6/02/2017

Working on an Automated Testing Setup

Tina Z, June 2, 2016

My project for the first week of summer is to try replicating the results for the Current Events paper, which described being able to recognize what websites were accessed based on frequency analysis of a computer’s power line, using a machine learning SVM. Initially I hoped to use old data sets to train a rudimentary machine learning SVM using the open source library libsvm, but we couldn’t find the hard drive with the right data (or the data in the right hard drive.) Seeing as a few years of PhD research data may now be lost in the void, I decided to collect power traces for each website accessed by a Raspberry Pi, computing a FFT, and formatting data sets to be recognized by the machine learning library.

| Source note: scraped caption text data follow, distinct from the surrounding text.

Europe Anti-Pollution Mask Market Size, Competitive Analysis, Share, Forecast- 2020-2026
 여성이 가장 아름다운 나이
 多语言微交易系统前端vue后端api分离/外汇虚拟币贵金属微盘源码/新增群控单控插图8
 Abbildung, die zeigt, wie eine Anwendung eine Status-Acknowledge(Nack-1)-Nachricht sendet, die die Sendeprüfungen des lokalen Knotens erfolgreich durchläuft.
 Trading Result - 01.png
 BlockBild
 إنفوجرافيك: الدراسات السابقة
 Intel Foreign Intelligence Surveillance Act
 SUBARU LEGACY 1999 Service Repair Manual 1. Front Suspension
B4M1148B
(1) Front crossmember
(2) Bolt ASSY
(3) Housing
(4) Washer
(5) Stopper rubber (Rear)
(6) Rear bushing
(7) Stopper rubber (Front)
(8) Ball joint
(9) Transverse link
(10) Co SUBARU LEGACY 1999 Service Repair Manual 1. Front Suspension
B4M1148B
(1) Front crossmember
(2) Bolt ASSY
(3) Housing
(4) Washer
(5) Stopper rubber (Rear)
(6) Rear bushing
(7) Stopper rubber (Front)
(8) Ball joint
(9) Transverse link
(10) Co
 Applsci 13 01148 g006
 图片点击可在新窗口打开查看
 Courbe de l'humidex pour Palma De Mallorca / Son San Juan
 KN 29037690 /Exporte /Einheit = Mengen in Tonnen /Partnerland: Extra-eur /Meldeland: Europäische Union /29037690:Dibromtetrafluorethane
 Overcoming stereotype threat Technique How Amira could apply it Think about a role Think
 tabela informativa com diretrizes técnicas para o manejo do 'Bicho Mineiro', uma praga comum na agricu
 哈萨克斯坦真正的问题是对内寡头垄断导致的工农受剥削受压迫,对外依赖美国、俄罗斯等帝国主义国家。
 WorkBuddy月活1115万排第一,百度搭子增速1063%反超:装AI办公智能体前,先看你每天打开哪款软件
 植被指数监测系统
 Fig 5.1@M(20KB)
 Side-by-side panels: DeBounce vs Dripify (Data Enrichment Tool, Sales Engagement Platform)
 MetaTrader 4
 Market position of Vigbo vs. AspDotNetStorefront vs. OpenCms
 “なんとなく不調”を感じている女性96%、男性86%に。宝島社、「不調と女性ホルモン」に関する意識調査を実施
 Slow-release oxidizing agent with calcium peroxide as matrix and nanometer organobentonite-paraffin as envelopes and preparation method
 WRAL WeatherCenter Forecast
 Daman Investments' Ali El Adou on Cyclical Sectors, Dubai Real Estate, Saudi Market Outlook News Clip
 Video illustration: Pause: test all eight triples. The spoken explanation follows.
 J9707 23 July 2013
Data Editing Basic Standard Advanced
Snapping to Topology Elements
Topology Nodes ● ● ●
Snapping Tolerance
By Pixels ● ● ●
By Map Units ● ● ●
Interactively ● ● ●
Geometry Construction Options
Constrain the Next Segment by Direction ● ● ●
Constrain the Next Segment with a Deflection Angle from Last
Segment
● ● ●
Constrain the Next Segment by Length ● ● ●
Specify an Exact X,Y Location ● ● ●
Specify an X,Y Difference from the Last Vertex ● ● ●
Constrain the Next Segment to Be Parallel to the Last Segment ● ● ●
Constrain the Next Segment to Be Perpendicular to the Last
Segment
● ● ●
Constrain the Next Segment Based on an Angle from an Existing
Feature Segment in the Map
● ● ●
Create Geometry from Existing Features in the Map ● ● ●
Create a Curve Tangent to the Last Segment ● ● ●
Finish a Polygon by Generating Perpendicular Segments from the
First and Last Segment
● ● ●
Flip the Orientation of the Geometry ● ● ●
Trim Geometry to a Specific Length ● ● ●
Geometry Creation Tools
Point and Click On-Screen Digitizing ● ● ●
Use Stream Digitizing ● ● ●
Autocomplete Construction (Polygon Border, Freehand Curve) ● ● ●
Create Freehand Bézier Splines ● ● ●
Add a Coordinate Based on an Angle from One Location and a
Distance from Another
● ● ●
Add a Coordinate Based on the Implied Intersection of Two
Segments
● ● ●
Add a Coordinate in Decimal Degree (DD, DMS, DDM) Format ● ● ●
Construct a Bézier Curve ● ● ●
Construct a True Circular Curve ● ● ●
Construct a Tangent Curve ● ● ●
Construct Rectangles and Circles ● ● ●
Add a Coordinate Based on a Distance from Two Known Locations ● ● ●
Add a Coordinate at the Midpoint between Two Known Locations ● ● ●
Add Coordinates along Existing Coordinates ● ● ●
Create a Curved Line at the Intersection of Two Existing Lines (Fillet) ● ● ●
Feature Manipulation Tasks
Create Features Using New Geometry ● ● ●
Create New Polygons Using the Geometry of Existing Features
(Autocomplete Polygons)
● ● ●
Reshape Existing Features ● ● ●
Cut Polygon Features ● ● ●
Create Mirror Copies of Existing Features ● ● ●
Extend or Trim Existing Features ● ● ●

However, to properly train a machine learning algorithm I’d like to have a lot of data sets - preferably at least 50 websites accessed, and high resolution data if possible as well. Unfortunately, due to past experiences I’ve grown to really, really dislike manual testing and collecting data, not only because it introduces human error and setup changes but also it’s tedious and a soul-eroding process.

In order to mitigate all that concerning stuff, I made this following basic setup: Python code on the Raspberry Pi that opened a web browser for some URL, and also pull down a pin to trigger the Picoscope/oscilloscope, which would collect data for five seconds. The Picoscope is connected to my MacBook, and that five second data collection is also automated by a Python script (based on sample code donated by kind grad student Connor Bolton), and each log should be saved to a .bin file.

Things that worry me are:

To access the power line, there is a bit of a kerfuffle of long USB wires heading out to a breakout board, another USB breakout board, and another meter-long USB wires. This could introduce a lot of 60Hz (and probably other frequency) noise into my data. Since I need a power trace of voltage/current, I think I’ll have to open the power line some other way if the data is too noisy.
Getting the same results may end up requiring the same test setup if this isn’t done correctly, which shouldn’t have to be the case
I’m not sure how long a list can be in Python, I’m sampling at 1MHz and saving for 5 seconds. I’d probably need a 5Mb buffer assuming my data is byte-sized.

Python script on the Raspberry Pi: webtest.py

import RPi.GPIO as GPIO

import time

import subprocess

pin = 18

GPIO.setmode(GPIO.BCM)

GPIO.setup(18, GPIO.OUT)

file = open('testwebsites.txt', 'r')

for line in file:

print(line)

GPIO.output(pin, GPIO.LOW)

url = line.format("Raspberry Pi")

# start sampling at falling edge of trigger

p = subprocess.Popen(["chromium-browser", url])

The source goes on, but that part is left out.